# Temperatures/frost/salt on dogs paws



## ChattyCathy (Nov 22, 2008)

At what temperature(s) is too cold that it will hurt the pads of my dogs paws if she is walked outside?

Also, since we have no sidewalks where I live is it bad for her to walk on a salted street. What does the salt do to her paws?


----------



## Jacksie2006 (Jun 23, 2008)

Salt may irritate the pads making them itch and making it unconfortable for them to walk until the salt is off of their pads.
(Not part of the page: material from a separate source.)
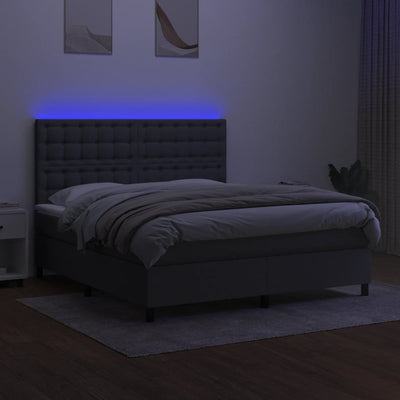 Box Spring Bed with Mattress&LED Dark Grey 153x203 cm Queen Size Fabric Payday Deals
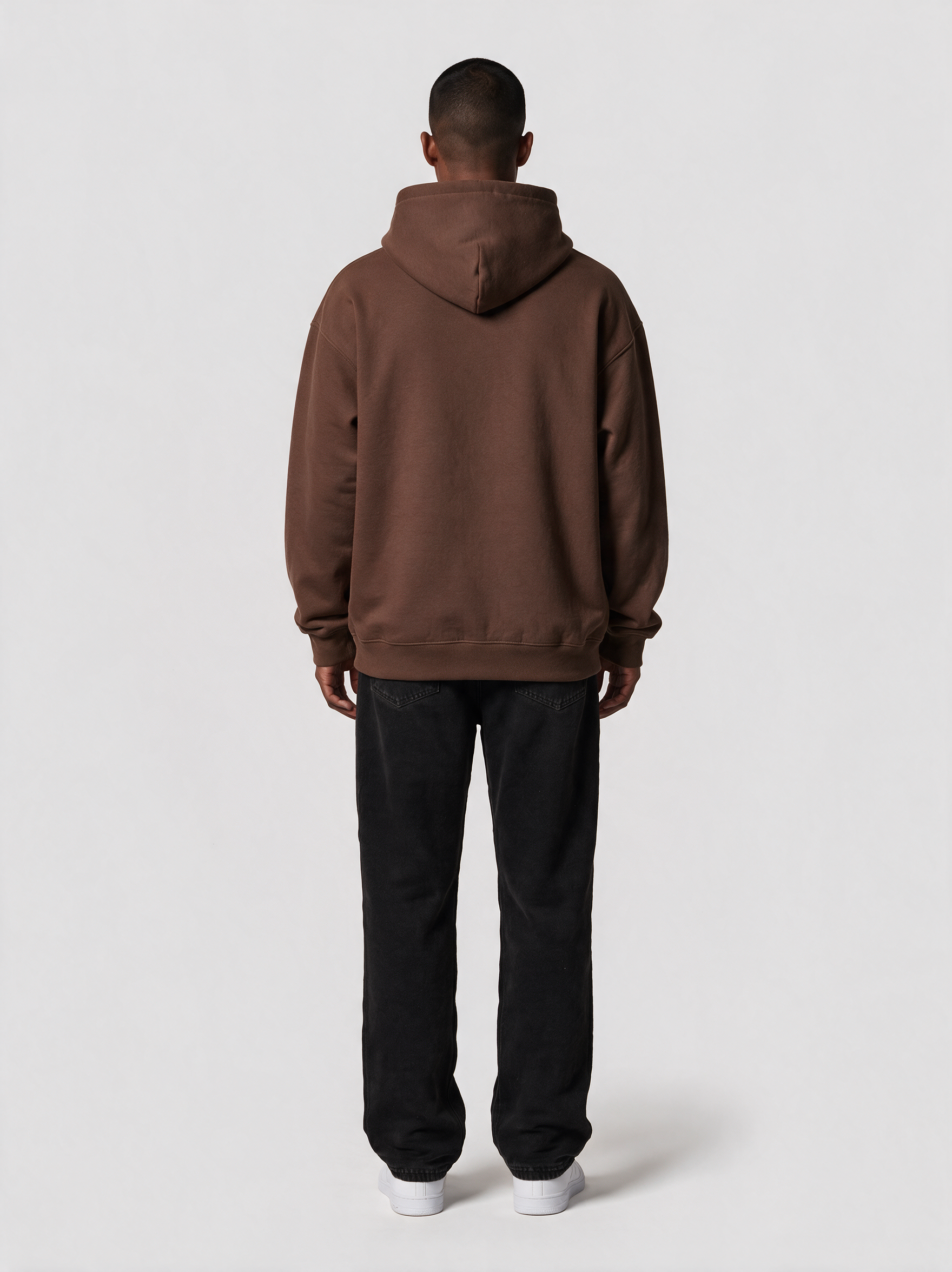 Hoodie Oversize Heavy in Braun, Rückansicht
Once it is off they are back to normal, avoid it if possible, if not they will still be fine.


----------



## Rexandbaby (Aug 4, 2008)

You can also just wipe them with a damp towel after your walks!


----------



## ChattyCathy (Nov 22, 2008)

Does the salt affect them immediately or can I do something like a 1 to 2 mile walk and then wipe them off when we return?


----------



## rannmiller (Jun 27, 2008)

Paw Tectors? Paw Tectors Paw Protectors at PETCO


----------



## chowder (Sep 7, 2008)

When we lived in Vermont and it got WAY below zero, the only way the dogs let us know it was too cold to walk was to lay down and stop. They have pretty tough pads. You can use bag balm or vaseline on their pads to keep the salt off before and after the walks. Wipe them off after the walk and if they look cracked or dry, put some more bag balm on them. You can also try Muttluks doggie boots. I have heard they are really good. I always had trouble keeping boots on the dogs but never tried that brand and we don't need them anymore now that we live in NC.


----------